** Opening Raw data block **

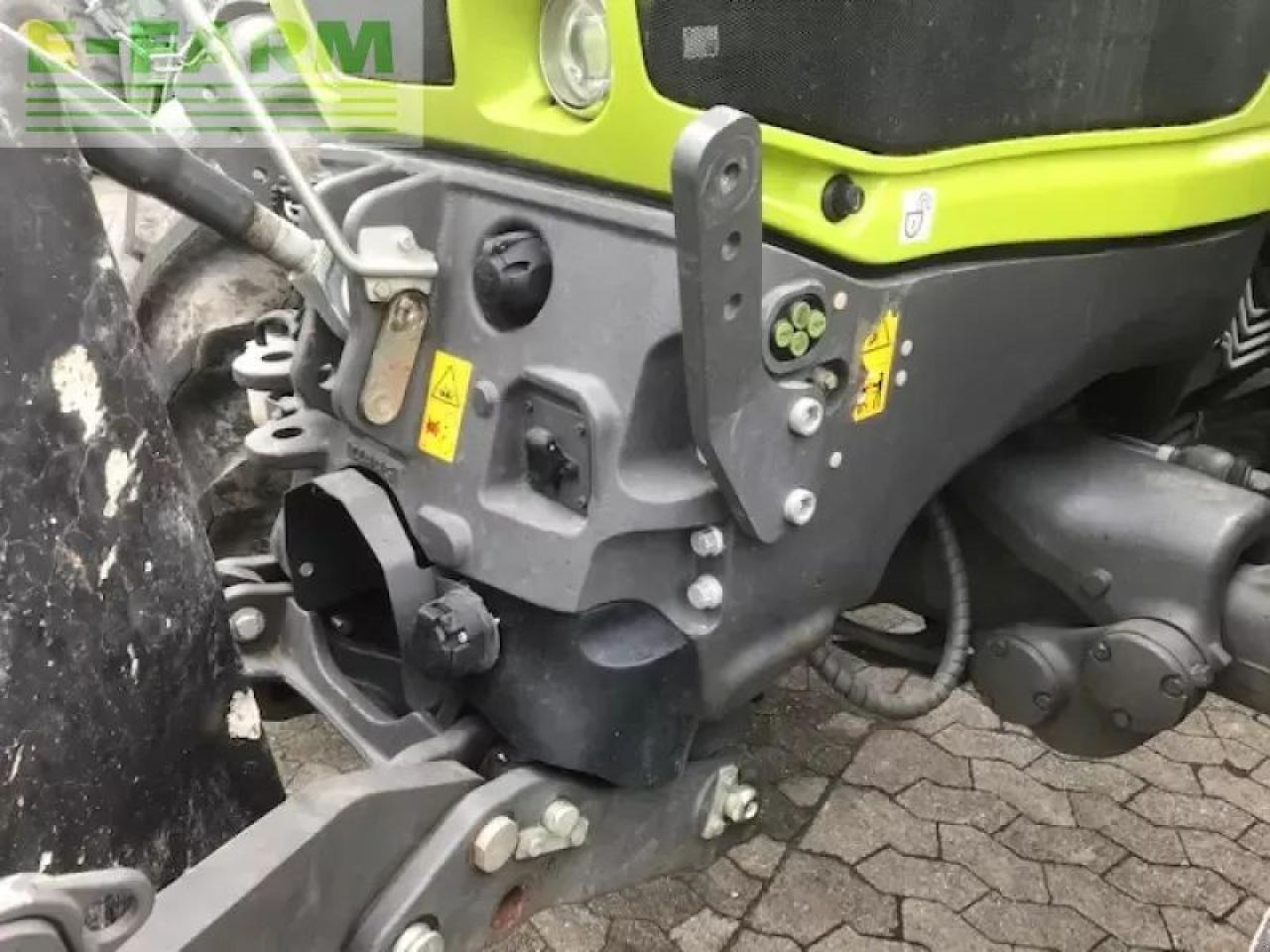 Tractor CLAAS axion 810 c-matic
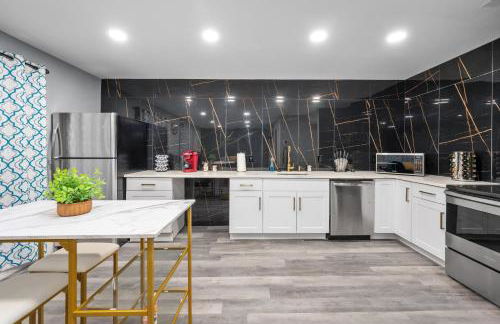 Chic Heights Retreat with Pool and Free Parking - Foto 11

** Closing Raw data block **
** Opening Raw data block **

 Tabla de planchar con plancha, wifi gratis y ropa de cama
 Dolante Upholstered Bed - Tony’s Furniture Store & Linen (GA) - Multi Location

** Closing Raw data block **

Task to complete:
Using the data above, retype exactly the lines from the line with "Tractor CLAAS axion 810 c-matic" to the line with "Chic Heights Retreat", inclusive. No pictures and nothing else.

Output:
 Tractor CLAAS axion 810 c-matic
 Chic Heights Retreat with Pool and Free Parking - Foto 11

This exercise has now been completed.